►

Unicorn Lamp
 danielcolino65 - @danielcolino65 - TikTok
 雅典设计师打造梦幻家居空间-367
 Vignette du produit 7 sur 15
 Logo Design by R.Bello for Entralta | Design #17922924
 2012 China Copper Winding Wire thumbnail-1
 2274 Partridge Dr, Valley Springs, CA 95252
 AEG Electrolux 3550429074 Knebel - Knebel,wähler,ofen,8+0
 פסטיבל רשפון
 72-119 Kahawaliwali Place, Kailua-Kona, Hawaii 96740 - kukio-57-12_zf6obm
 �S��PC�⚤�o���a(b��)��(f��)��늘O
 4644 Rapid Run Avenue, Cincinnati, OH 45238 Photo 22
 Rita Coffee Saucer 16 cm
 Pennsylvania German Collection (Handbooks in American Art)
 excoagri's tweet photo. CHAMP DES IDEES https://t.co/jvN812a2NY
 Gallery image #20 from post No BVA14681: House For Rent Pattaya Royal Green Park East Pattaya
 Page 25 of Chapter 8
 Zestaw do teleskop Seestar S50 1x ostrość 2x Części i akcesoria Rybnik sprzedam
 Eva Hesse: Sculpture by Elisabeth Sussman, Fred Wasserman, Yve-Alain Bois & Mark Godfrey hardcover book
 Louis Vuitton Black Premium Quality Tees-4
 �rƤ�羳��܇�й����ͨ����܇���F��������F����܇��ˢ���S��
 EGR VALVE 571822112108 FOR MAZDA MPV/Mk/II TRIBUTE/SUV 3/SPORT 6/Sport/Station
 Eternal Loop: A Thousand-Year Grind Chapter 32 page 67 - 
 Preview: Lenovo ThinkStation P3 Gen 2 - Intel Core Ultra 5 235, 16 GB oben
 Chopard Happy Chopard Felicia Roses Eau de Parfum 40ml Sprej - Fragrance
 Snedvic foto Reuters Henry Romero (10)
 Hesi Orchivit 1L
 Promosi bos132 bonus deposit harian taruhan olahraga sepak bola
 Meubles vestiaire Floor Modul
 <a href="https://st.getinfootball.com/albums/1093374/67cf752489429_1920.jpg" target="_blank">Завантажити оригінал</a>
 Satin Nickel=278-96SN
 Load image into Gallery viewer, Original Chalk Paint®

◄

**YOUR OBJECTIVE**
From the material above, set down exactly the lines between the line holding "2012 China Copper Winding Wire thumbnail-1" and the line holding "Pennsylvania German Collection", inclusive. Include nothing else.

**EXERCISE SOLUTION**
 2012 China Copper Winding Wire thumbnail-1
 2274 Partridge Dr, Valley Springs, CA 95252
 AEG Electrolux 3550429074 Knebel - Knebel,wähler,ofen,8+0
 פסטיבל רשפון
 72-119 Kahawaliwali Place, Kailua-Kona, Hawaii 96740 - kukio-57-12_zf6obm
 �S��PC�⚤�o���a(b��)��(f��)��늘O
 4644 Rapid Run Avenue, Cincinnati, OH 45238 Photo 22
 Rita Coffee Saucer 16 cm
 Pennsylvania German Collection (Handbooks in American Art)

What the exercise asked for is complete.